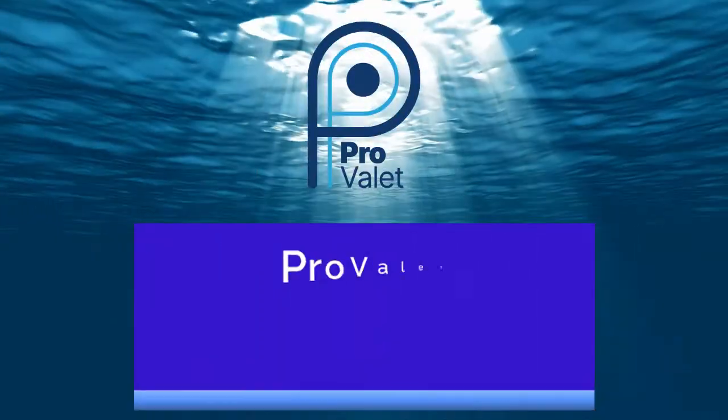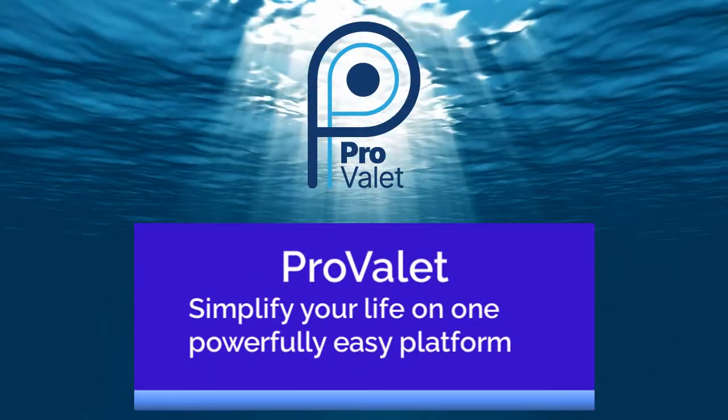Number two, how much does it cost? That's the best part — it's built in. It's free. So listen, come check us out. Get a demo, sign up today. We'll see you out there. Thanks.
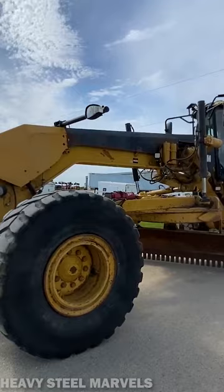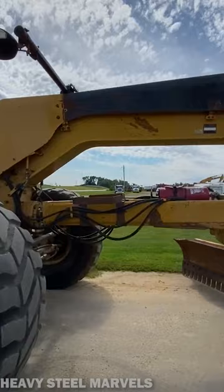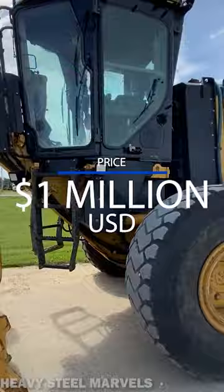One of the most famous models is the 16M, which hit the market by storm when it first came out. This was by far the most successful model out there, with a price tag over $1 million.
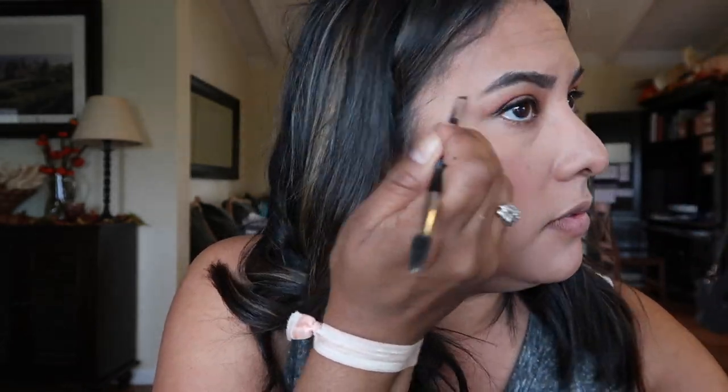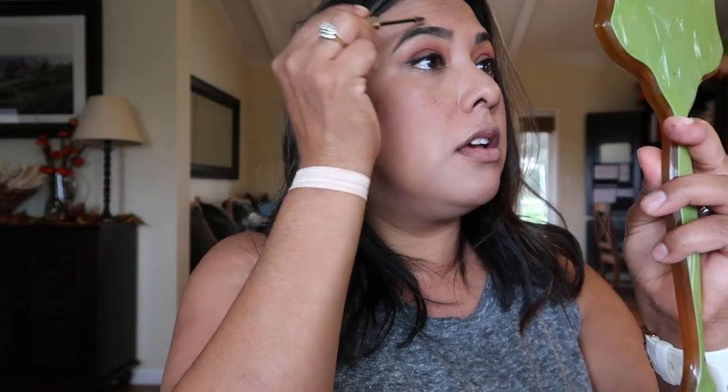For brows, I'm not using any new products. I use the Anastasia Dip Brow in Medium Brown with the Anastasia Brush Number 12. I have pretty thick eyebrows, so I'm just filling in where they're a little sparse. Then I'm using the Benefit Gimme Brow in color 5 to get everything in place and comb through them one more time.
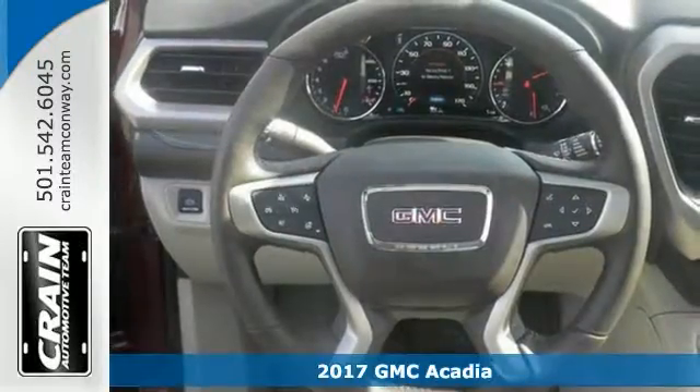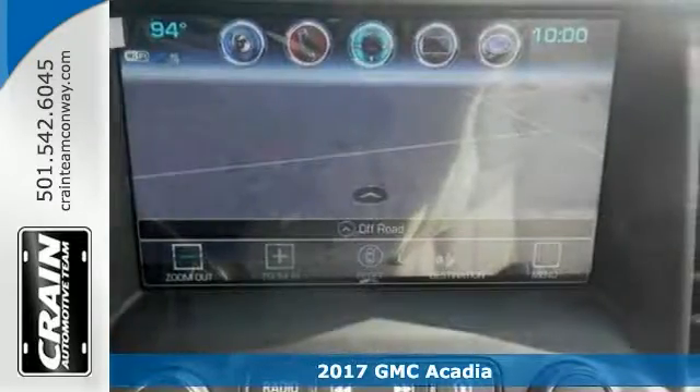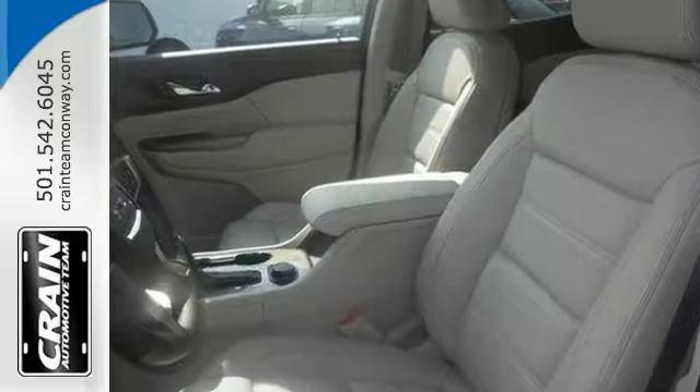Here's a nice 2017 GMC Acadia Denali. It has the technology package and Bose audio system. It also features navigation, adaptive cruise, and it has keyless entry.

━━━━━━━━

Try it: Transcribe only the lines from the one holding "For brows, I'm" through the last line of the listing above, inclusive, and do not include the pictures.

Output for this task:
For brows, I'm not using any new products. I use the Anastasia Dip Brow in Medium Brown with the Anastasia Brush Number 12. I have pretty thick eyebrows, so I'm just filling in where they're a little sparse. Then I'm using the Benefit Gimme Brow in color 5 to get everything in place and comb through them one more time.
Here's a nice 2017 GMC Acadia Denali. It has the technology package and Bose audio system. It also features navigation, adaptive cruise, and it has keyless entry.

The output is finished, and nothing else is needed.